Странствие духа есть бесцельность человека. И она-то как раз и усиливается во времена застоя в общественной жизни. Когда человек не только объективно впадает во все большие заблуждения, от которых бы он хотел отказаться, но сами блуждания его становятся всеобщим правилом (романтизм). И парадокс в том, что шедевры в сфере искусства выдаются именно в периоды застоя (пусть они, как правило, своевременно и не увидят света) В них, «пользуясь случаем», измериваются все страдания души и отчаяние духа человека. Высчитываются все измерения человека! Так что даже от него не остается ничего, что не было бы измерено. Сама жизнь опустошается в такие времена в искусстве.
Но на это искусство, вообще художественное познание, уже не способно во времена «бури и натиска» в общественной жизни, когда перемены каждый день, на каждом шагу. Здесь жизнь меняется сама, не нуждаясь в том, чтобы оборотнически менялся в сонме образов человек. Смятения души сменяются мятежностью человека в полноте его сущности. Ему уже некуда деваться, он все прошел, все пределы исчерпал. Но, следовательно, запас человечности и черпается из прошлого времени. В новом ему неоткуда взяться. Здесь остается лишь действовать. Там происходило познание человека и была проблема человека, теперь же истина становится понятием в форме наличного бытия (Гегель). И не странствия духа теперь нужны, а преодоление уже измеренного (внутреннего) мира.
«Путешествие духа по душам» несостоятельно, если его представлять как движение в горизонтали отношений между индивидами. На самом деле оно предполагает пересечение отношений. То есть если «путешествие духа» и возможно, то только за счет становления человека от бытия к духу. Это функция, причем частная, возвышения человека. Единство духа опирается на материальные различия в отношениях индивидов. Но оно должно перекрывать их, чего нам теперь явно не хватает, образовался обратный перекос к вещам. Это и происходит в общении. Но при этом, только опредмечиваясь в деятельности, т.е. внося себя в междумирье отношений, человек выходит на единство в духе.

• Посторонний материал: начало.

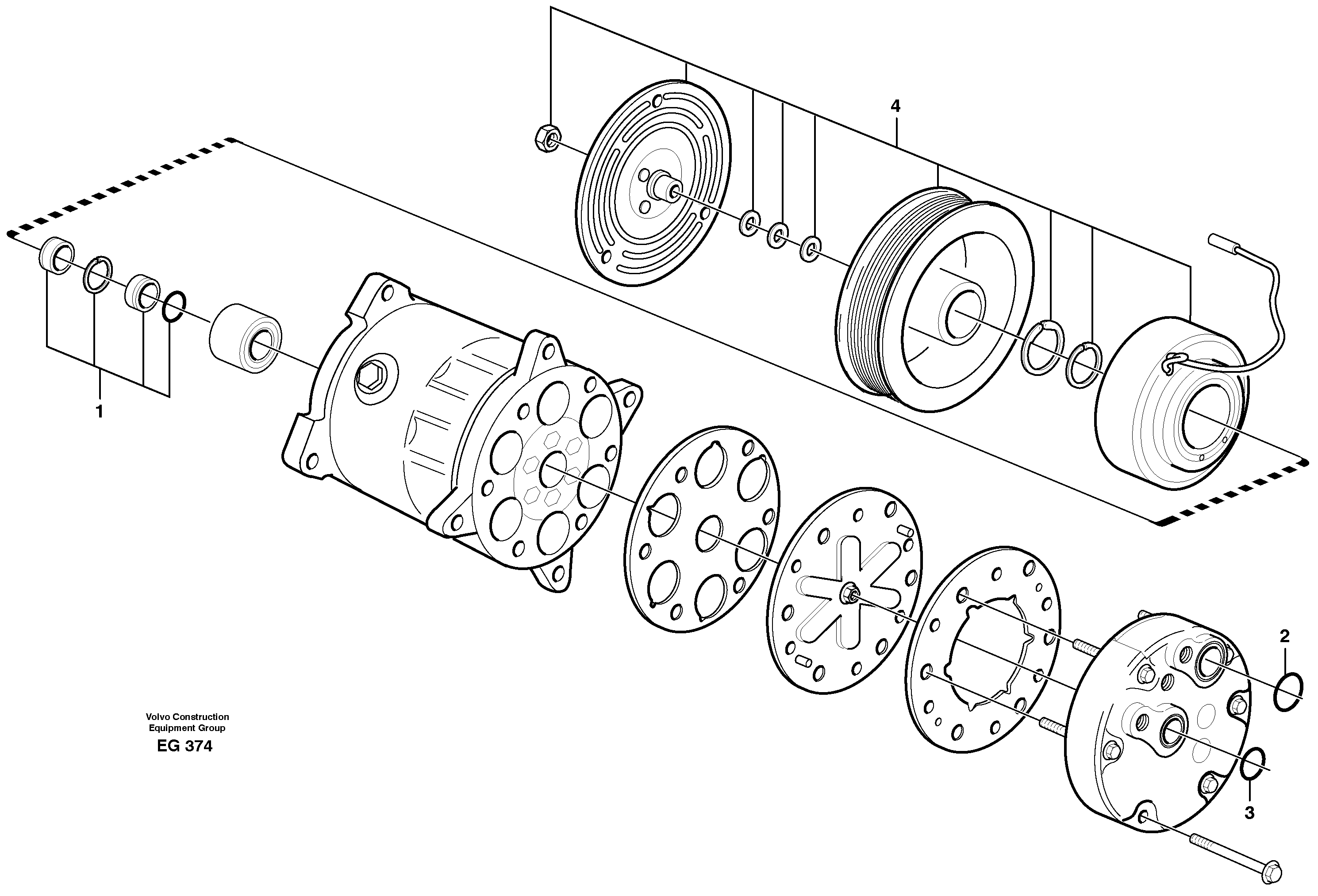 Compressor.  80240, 80241 — volvo parts diagram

В противовес современным формам массового «общения», или тусовок, или иных каких-то шоу подлинно человеческое общение подхватывает деятельность в духе и обращает творчество к бытию, распредмечивает деятельность и опредмечивает творчество. Но в целом общение одновременно опосредует движение человека от бытия к духу и от идеального к реальному. Оно не в плоскости чисто духовных отношений. Но и не в материальных отношениях, а протекает в превращении материального в духовное и обращении идеального в реальное. Это, по выражению Г.С.Батищева, душа культуры. В нем-то и пульсирует человек как общественное существо: от субъекта до субстанции, от индивидуальности до тотальности, от уникальности до универсальности. И бытие — в — сознании и сознание — бытия — функции общения. Оно поясняется духом и фундируется бытием. Но ни к тому, ни к другому не сводится. Или в нем движение от бытия к духу есть движение от духа к бытию. Это, конечно, горизонтный мир человека, но он дан в связи бытия и духа.

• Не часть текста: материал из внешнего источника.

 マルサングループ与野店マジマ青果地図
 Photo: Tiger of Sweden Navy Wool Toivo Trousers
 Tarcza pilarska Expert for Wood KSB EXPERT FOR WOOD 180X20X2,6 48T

Человеческие отношения горизонтальны, но осуществляются они только в вертикали становления человека. Мы непрерывно выходим в духовности из отношений, пребываем над ними. Духовное не относительно, оно есть прибежище свобод человека. И наоборот, отношения в своей действительности осуществляются не в отождествлении индивидов (подражании, заражении, внушении и т.д., чего развелось нынче полным полно), а в духовном подъеме, в вырастании из них человека.
Обособление индивидов возможно лишь в сфере материальных отношений. Напротив, в духовных отношениях люди едины, хотя социально-исторически это выражается в различных уровнях сознания или отличии эмпирического человека от «идеи» человека. Материальные отношения — это отношения различия между людьми, причем они ближе, непосредственнее к отдельным индивидам. В то время как духовные отношения есть отношения единства в конечном счете.